I provide, as a counter example for that working, this skeleton of a
message:
Content-Type: multipart/mixed; boundary=Apple-Mail-4EBCAD0C-D24C-41E0-8E4A-6773E9087E6C
Content-Transfer-Encoding: 7bit
Mime-Version: 1.0 (1.0)
X-Mailer: iPhone Mail (9B206)
--Apple-Mail-4EBCAD0C-D24C-41E0-8E4A-6773E9087E6C
Content-Transfer-Encoding: 7bit
Content-Type: text/plain;
charset=us-ascii
(something the sender typed)
--Apple-Mail-4EBCAD0C-D24C-41E0-8E4A-6773E9087E6C
Content-Disposition: inline;
filename=photo.JPG
Content-Type: image/jpeg;
name=photo.JPG
Content-Transfer-Encoding: base64
9j/4S/+RXhpZgAA ...
--Apple-Mail-4EBCAD0C-D24C-41E0-8E4A-6773E9087E6C
Content-Transfer-Encoding: 7bit
Content-Type: text/plain;
charset=us-ascii
Sent from my iPhone
--Apple-Mail-4EBCAD0C-D24C-41E0-8E4A-6773E9087E6C--
Notice that there are two text/plain segments, the significance of each
is completely unintuitive from the MIME part headers. It is very fair
to say that this message (and the hundreds of similar ones I've
received) does not have a part that can be called "the body" but has
multiple parts which must be concatenated to make a body. In all the
examples I have from this sender, the second part is only the "Sent"
line, but I believe that is merely a factor of the sender always
describing the photo above the image instead of below it.
Elijah
------
has written mime parsers for personal use
------------------------------
Date: Thu, 14 Feb 2013 22:04:15 +0000
From: Ben Morrow <ben@morrow.me.uk>
Subject: Re: A little help with Perl & Email Messages
Message-Id: <vj30v9-bjh2.ln1@anubis.morrow.me.uk>
Quoth Eli the Bearded <*@eli.users.panix.com>:
> In comp.lang.perl.misc, Ben Morrow <ben@morrow.me.uk> wrote:
> > Quoth Henry Law <news@lawshouse.org>:
> > > So you need to use the parts() method of your "first" message to
> > > retrieve the individual sub-parts (they are returned as an array of
> > > Email::MIME objects).
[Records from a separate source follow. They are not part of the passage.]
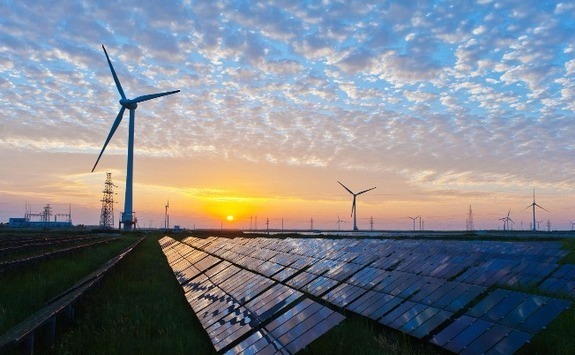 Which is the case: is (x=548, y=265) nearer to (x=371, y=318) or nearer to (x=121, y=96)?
(x=371, y=318)

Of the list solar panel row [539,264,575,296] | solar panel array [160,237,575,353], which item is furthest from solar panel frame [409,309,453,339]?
solar panel row [539,264,575,296]

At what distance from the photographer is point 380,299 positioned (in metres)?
12.7

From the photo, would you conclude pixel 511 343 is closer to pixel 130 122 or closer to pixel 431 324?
pixel 431 324

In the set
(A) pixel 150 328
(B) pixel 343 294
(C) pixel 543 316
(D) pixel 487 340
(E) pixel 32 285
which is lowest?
(A) pixel 150 328

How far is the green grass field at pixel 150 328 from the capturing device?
9.89 metres

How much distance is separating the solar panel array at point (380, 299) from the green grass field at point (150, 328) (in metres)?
0.40

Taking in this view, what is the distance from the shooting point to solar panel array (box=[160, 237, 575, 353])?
8.44 m

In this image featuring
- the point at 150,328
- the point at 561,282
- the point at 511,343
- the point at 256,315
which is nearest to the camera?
the point at 511,343

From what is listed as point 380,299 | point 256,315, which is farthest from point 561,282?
point 256,315

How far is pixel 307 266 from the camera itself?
65.6ft

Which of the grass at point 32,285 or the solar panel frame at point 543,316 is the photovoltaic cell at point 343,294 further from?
the grass at point 32,285

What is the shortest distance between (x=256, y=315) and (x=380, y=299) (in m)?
3.99

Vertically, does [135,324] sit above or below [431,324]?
below

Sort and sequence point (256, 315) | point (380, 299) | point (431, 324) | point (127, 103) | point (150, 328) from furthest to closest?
point (127, 103) < point (380, 299) < point (150, 328) < point (256, 315) < point (431, 324) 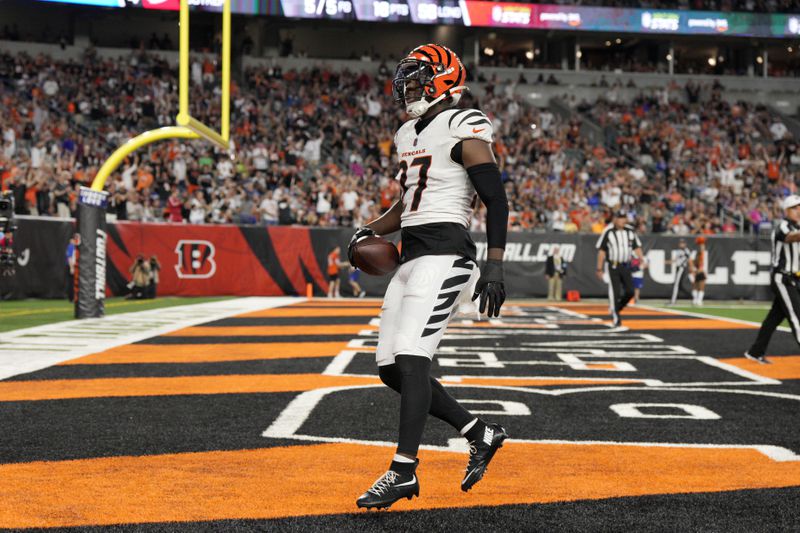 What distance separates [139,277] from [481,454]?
14607 mm

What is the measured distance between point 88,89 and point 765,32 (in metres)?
24.9

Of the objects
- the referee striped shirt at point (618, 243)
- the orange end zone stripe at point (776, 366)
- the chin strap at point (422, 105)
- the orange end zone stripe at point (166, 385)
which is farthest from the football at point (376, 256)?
the referee striped shirt at point (618, 243)

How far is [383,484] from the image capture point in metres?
3.29

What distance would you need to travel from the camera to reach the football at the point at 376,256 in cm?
375

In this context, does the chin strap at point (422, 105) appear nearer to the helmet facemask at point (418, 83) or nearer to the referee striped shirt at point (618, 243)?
the helmet facemask at point (418, 83)

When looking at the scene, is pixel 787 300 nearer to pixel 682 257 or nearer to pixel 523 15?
pixel 682 257

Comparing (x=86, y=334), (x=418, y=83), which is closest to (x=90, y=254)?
(x=86, y=334)


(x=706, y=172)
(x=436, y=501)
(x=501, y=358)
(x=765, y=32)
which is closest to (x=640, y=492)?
(x=436, y=501)

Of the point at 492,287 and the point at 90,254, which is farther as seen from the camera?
the point at 90,254

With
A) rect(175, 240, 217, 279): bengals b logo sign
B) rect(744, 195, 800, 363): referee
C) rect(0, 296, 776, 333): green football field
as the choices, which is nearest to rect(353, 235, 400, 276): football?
rect(744, 195, 800, 363): referee

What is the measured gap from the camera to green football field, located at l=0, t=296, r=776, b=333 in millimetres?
12172

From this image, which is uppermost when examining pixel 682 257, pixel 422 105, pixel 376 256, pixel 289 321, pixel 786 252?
pixel 422 105

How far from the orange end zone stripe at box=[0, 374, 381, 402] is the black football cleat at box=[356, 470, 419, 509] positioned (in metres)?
3.19

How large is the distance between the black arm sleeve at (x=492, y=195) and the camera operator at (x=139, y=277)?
1446 cm
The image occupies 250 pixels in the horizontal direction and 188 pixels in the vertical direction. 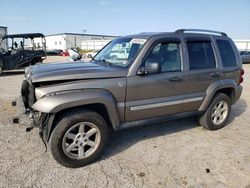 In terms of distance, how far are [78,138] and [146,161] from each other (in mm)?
1106

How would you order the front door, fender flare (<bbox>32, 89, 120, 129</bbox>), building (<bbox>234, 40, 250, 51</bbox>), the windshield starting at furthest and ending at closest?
building (<bbox>234, 40, 250, 51</bbox>), the windshield, the front door, fender flare (<bbox>32, 89, 120, 129</bbox>)

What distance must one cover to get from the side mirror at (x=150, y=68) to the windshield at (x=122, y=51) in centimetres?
23

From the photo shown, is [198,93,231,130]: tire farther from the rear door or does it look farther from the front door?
the front door

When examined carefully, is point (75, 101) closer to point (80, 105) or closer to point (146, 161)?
point (80, 105)

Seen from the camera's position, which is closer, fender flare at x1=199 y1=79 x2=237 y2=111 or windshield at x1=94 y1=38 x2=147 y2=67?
windshield at x1=94 y1=38 x2=147 y2=67

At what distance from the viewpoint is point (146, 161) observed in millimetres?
3771

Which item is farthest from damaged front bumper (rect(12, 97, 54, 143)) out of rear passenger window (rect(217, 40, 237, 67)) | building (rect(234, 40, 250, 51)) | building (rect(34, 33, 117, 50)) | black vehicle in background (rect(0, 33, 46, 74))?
building (rect(34, 33, 117, 50))

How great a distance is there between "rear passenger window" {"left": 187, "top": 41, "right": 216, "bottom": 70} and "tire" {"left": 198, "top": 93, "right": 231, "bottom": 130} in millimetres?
783

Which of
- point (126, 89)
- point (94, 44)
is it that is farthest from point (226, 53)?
point (94, 44)

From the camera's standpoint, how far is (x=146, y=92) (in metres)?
3.94

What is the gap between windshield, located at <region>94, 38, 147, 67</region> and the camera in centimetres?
396

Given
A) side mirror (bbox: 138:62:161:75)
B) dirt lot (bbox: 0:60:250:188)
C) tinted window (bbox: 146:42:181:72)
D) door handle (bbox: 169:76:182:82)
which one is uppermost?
tinted window (bbox: 146:42:181:72)

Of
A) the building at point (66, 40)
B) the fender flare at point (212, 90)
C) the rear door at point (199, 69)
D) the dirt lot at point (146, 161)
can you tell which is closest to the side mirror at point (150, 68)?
the rear door at point (199, 69)

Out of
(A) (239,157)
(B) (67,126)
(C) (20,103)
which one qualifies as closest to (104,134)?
(B) (67,126) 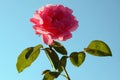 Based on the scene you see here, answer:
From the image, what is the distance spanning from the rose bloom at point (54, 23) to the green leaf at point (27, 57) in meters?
0.11

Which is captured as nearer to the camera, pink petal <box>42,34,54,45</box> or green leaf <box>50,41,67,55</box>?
pink petal <box>42,34,54,45</box>

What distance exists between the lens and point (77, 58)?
1.27 metres

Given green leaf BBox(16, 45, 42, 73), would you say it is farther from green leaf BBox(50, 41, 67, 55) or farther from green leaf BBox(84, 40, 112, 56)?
green leaf BBox(84, 40, 112, 56)

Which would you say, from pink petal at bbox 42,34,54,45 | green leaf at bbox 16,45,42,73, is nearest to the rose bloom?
pink petal at bbox 42,34,54,45

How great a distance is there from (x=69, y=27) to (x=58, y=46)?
125 mm

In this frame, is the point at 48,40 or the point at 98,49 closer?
the point at 48,40

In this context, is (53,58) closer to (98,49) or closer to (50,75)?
(50,75)

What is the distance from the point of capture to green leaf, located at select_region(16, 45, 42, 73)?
1.24 meters

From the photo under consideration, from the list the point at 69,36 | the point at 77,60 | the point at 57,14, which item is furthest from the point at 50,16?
the point at 77,60

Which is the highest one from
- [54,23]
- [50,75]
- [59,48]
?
[54,23]

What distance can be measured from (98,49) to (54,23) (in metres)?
0.29

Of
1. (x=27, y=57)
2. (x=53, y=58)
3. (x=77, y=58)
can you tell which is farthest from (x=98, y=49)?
(x=27, y=57)

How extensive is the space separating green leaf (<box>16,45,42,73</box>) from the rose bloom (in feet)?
0.35

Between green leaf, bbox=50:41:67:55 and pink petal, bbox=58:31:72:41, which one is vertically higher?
pink petal, bbox=58:31:72:41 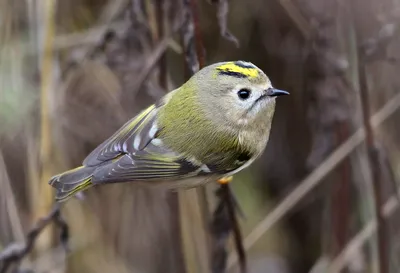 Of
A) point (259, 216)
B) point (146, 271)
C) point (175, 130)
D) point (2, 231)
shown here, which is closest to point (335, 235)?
point (259, 216)

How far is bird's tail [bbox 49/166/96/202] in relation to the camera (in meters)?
1.48

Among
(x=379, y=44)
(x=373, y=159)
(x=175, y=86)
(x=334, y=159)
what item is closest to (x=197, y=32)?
(x=379, y=44)

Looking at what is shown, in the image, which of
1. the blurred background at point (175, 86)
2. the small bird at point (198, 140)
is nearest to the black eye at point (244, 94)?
the small bird at point (198, 140)

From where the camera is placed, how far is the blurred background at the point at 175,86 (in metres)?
1.65

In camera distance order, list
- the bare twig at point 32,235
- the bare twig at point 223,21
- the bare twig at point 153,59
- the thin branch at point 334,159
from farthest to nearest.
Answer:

Once you have the sub-parts you can find the one
> > > that has the body you want (hint: look at the content disposition),
> >
> > Content-Disposition was not part of the original MIME spec, so body
> > parts might not have that header. The spec for multipart/related
> > (usually used for attachments) explicitly says that the rules for that
> > type override Content-Disposition handling, where they conflict. The
> > only way to find 'the body' of a message is by a careful parsing of the
> > various multipart types involved, checking Content-Type and -Disposition
> > where necessary.
>
> I provide, as a counter example for that working,
Who are you countering, me or Henry?
> this skeleton of a message:
>
<headers trimmed>
> Content-Type: multipart/mixed;
>
> --Apple-Mail-4EBCAD0C-D24C-41E0-8E4A-6773E9087E6C
> Content-Type: text/plain; charset=us-ascii
>
> (something the sender typed)
>
> --Apple-Mail-4EBCAD0C-D24C-41E0-8E4A-6773E9087E6C
> Content-Disposition: inline; filename=photo.JPG
> Content-Type: image/jpeg; name=photo.JPG
>
> --Apple-Mail-4EBCAD0C-D24C-41E0-8E4A-6773E9087E6C
> Content-Type: text/plain; charset=us-ascii
>
> Sent from my iPhone
> --Apple-Mail-4EBCAD0C-D24C-41E0-8E4A-6773E9087E6C--
>
> Notice that there are two text/plain segments, the significance of each
> is completely unintuitive from the MIME part headers. It is very fair
> to say that this message (and the hundreds of similar ones I've
> received) does not have a part that can be called "the body" but has
> multiple parts which must be concatenated to make a body. In all the
> examples I have from this sender, the second part is only the "Sent"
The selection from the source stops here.